> Work required:
Output the entries word for word. Omit images.

> Task data:

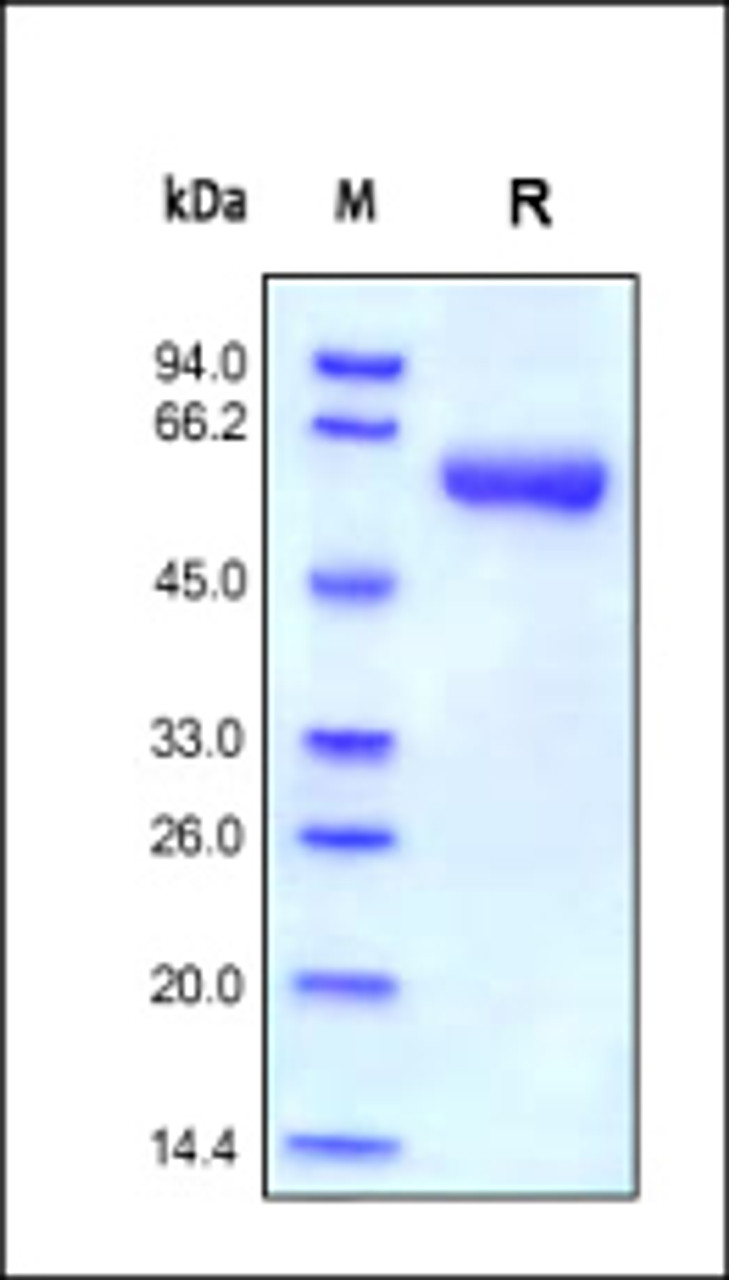 Human MMP-9, His Tag on SDS-PAGE under reducing (R) condition. The gel was stained overnight with Coomassie Blue. The purity of the protein is greater than 95%.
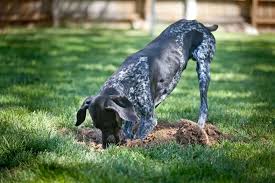 Best parvo disinfectant for yards, soil, mulch (organics) porous, organic material is hardest to rid of canine parvo, but it can be done. Canine Parvovirus Parvo Wilbraham Animal Hospital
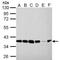 Peroxisomal Biogenesis Factor 19 antibody, NBP2-43544, Novus Biologicals, Western Blot image 
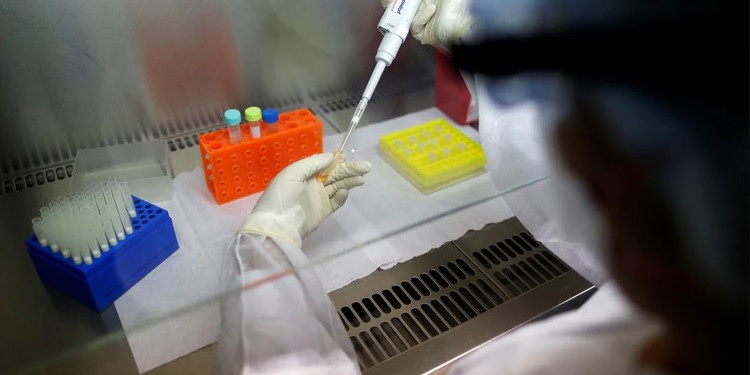 coronavirus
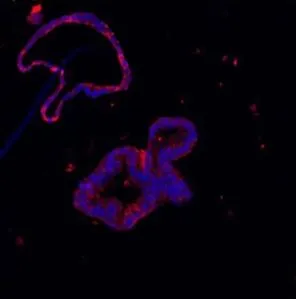 IHC-P analysis of human colon organoid tissue using GTX03467 Lysozyme antibody. Antigen retireval : Heat mediated antigen retrieval was performed in citrate buffer (pH6, epitope retrieval solution) for 20 mins. Blue : DAPI Dilution : 5microg/ml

> Exercise output:
 Human MMP-9, His Tag on SDS-PAGE under reducing (R) condition. The gel was stained overnight with Coomassie Blue. The purity of the protein is greater than 95%.
 Best parvo disinfectant for yards, soil, mulch (organics) porous, organic material is hardest to rid of canine parvo, but it can be done. Canine Parvovirus Parvo Wilbraham Animal Hospital
 Peroxisomal Biogenesis Factor 19 antibody, NBP2-43544, Novus Biologicals, Western Blot image 
 coronavirus
 IHC-P analysis of human colon organoid tissue using GTX03467 Lysozyme antibody. Antigen retireval : Heat mediated antigen retrieval was performed in citrate buffer (pH6, epitope retrieval solution) for 20 mins. Blue : DAPI Dilution : 5microg/ml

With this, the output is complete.